** What is needed **
From the line containing "this 850×567 image." onward to the last line of the data below, copy each line exactly and add nothing.

** Exercise materials **
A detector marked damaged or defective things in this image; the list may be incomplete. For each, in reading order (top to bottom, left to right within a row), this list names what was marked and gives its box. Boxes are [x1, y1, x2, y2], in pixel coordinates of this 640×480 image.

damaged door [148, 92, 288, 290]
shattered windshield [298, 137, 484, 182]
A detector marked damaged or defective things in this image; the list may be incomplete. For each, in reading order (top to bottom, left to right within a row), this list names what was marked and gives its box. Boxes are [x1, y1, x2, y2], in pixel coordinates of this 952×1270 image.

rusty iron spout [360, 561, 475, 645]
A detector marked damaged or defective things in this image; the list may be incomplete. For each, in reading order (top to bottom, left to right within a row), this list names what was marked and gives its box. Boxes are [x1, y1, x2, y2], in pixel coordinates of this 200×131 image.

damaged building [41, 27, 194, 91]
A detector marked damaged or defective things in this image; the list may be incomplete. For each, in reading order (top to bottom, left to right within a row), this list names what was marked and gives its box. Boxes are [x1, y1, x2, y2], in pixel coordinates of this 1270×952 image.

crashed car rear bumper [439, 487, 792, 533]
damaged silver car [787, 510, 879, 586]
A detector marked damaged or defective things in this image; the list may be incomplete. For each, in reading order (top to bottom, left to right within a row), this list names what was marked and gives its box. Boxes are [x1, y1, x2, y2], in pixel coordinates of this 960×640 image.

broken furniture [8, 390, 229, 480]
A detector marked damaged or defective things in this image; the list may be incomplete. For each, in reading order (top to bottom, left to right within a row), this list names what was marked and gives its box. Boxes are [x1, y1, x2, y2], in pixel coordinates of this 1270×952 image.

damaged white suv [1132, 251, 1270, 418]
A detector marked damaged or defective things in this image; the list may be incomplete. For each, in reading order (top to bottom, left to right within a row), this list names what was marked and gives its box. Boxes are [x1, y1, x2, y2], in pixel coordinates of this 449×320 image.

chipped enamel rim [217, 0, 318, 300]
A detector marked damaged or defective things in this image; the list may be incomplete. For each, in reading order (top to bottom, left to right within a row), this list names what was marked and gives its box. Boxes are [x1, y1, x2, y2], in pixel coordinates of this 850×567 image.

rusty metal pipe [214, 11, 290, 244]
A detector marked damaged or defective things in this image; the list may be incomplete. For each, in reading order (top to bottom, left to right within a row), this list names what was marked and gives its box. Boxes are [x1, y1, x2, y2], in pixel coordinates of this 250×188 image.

** Output of the task **
A detector marked damaged or defective things in this image; the list may be incomplete. For each, in reading order (top to bottom, left to right within a row), this list names what was marked and gives its box. Boxes are [x1, y1, x2, y2], in pixel coordinates of this 850×567 image.

rusty metal pipe [214, 11, 290, 244]
A detector marked damaged or defective things in this image; the list may be incomplete. For each, in reading order (top to bottom, left to right within a row), this list names what was marked and gives its box. Boxes are [x1, y1, x2, y2], in pixel coordinates of this 250×188 image.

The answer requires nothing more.